▶ WHAT IS EXPECTED
Without the pictures, return each record as it appears.

----------------------------------------

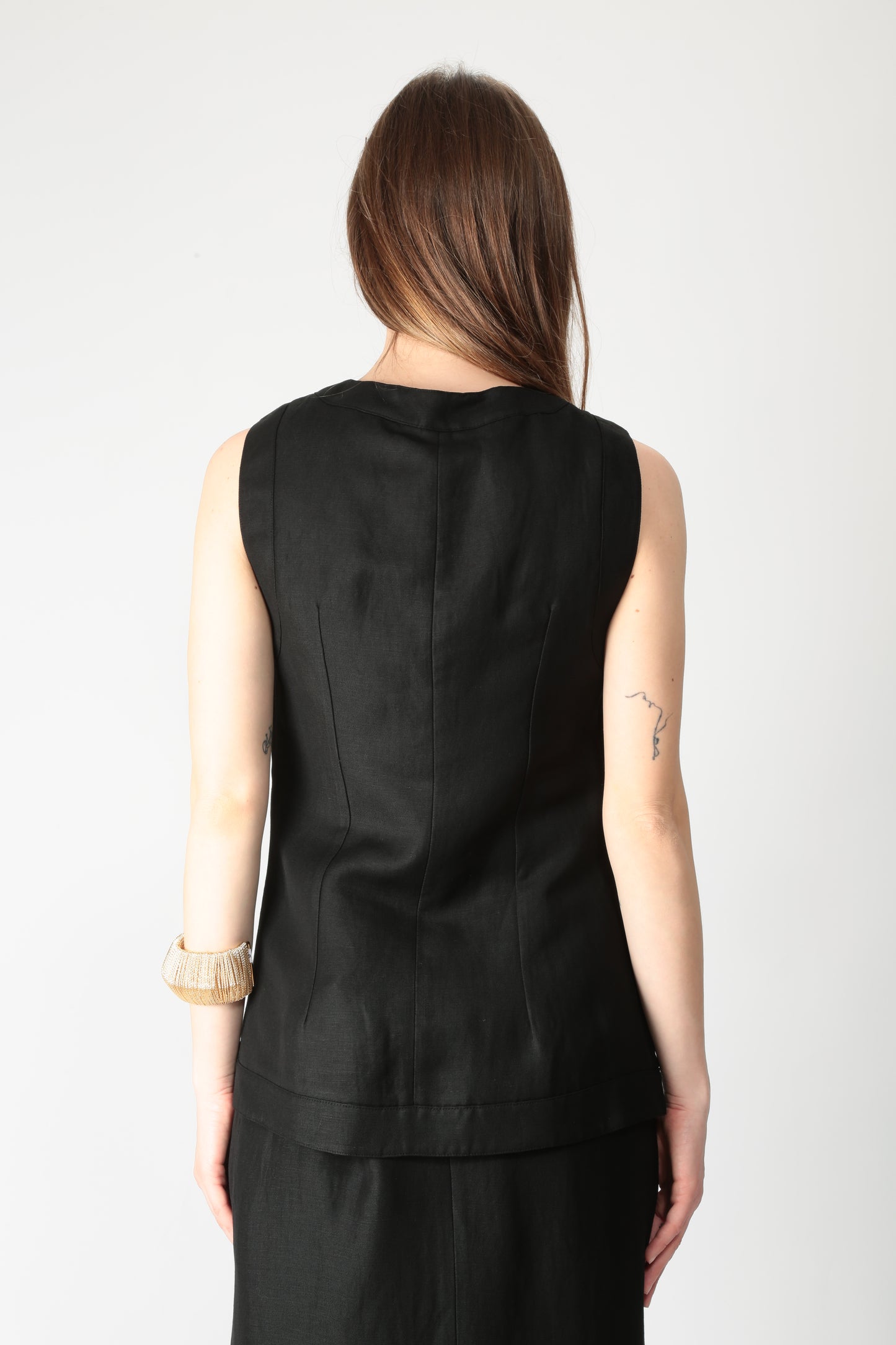 https://admin.shopify.com/store/gulieshop/products/15290035241309#:~:text=https%3A//www.gulieshop.it%20%E2%80%BA%20products%20%E2%80%BA%20l%2Dconti%2Dgilet%2Din%2Dviscosa%2De%2Dlino%2Df5sl81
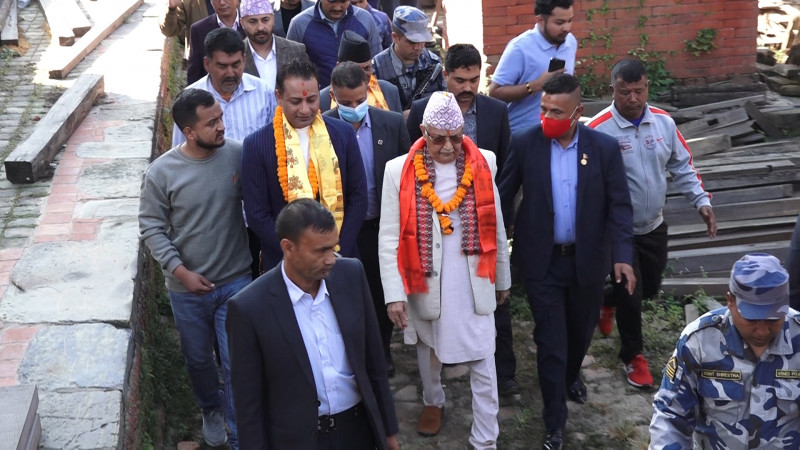 ललितपुरमा पैदल यात्रा गर्दै ओली 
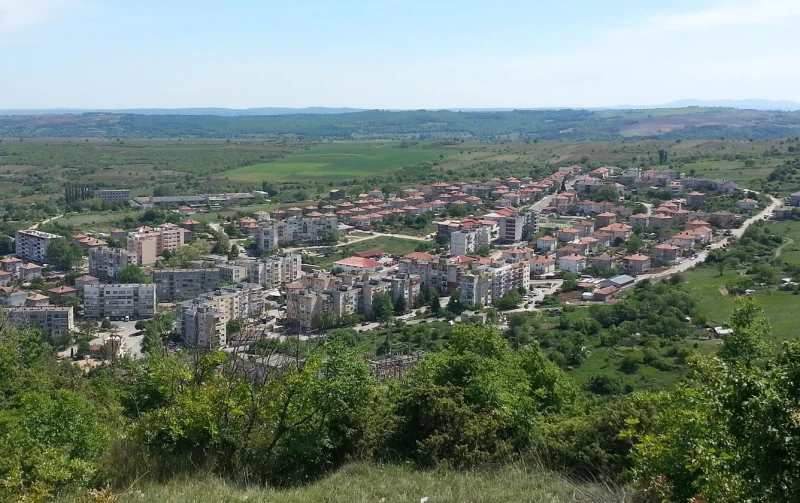 Единственият град в България, от който, ако тръгнете право на север, стигате до Гърция
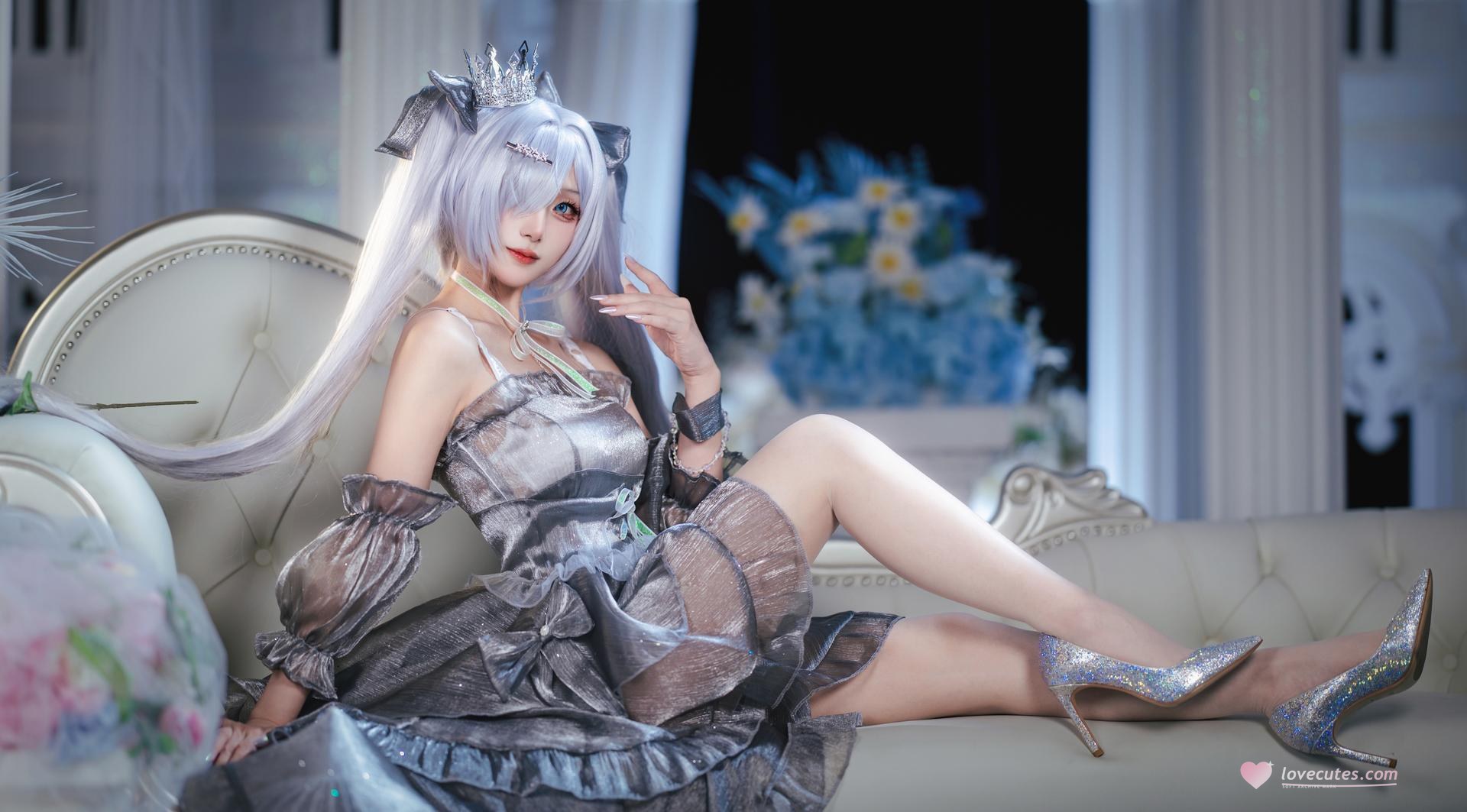 [cosplay] 是夙卿呀 - NIKKE 灰姑娘：银白战斗服角色還原 16P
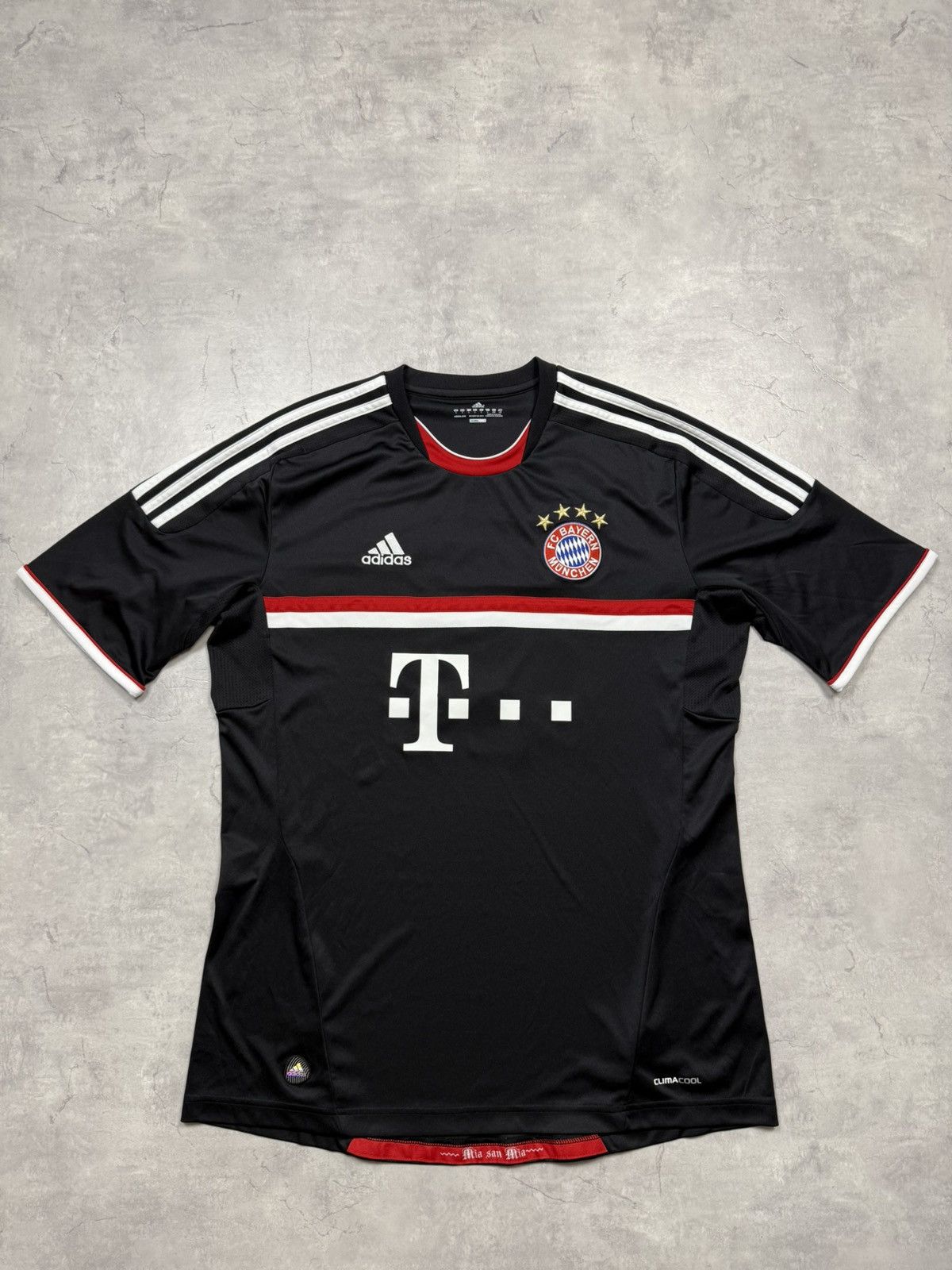 Adidas Adidas Bayern Munchen 2011 #BOATENG 17 Size US L / EU 52-54 / 3 - 1 Thumbnail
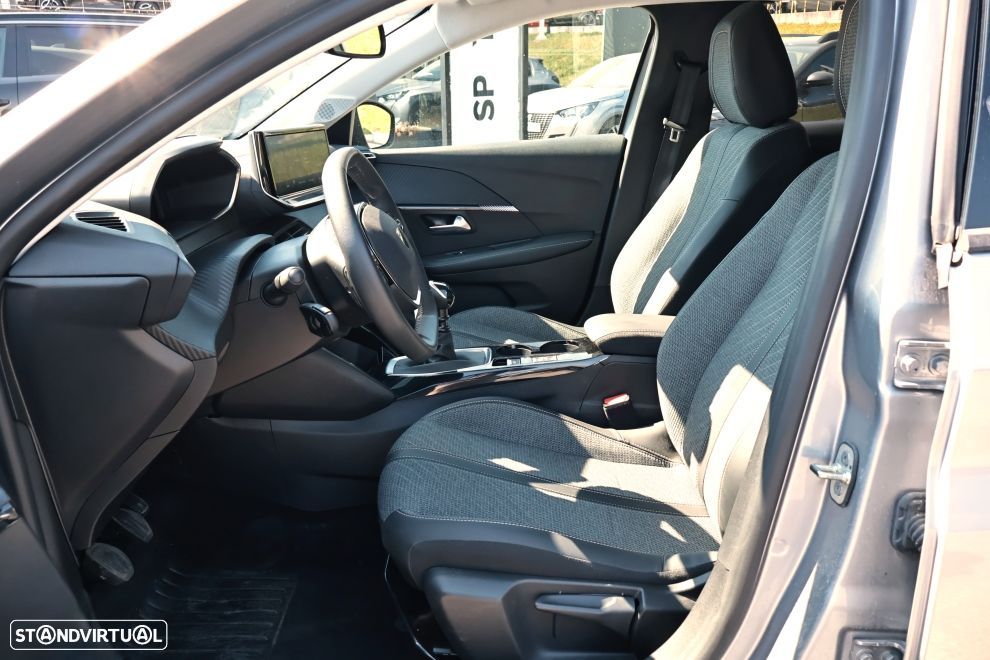 Peugeot 208 1.2 PureTech Allure - 14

----------------------------------------

▶ RESPONSE TO THE EXERCISE
 https://admin.shopify.com/store/gulieshop/products/15290035241309#:~:text=https%3A//www.gulieshop.it%20%E2%80%BA%20products%20%E2%80%BA%20l%2Dconti%2Dgilet%2Din%2Dviscosa%2De%2Dlino%2Df5sl81
 ललितपुरमा पैदल यात्रा गर्दै ओली 
 Единственият град в България, от който, ако тръгнете право на север, стигате до Гърция
 [cosplay] 是夙卿呀 - NIKKE 灰姑娘：银白战斗服角色還原 16P
 Adidas Adidas Bayern Munchen 2011 #BOATENG 17 Size US L / EU 52-54 / 3 - 1 Thumbnail
 Peugeot 208 1.2 PureTech Allure - 14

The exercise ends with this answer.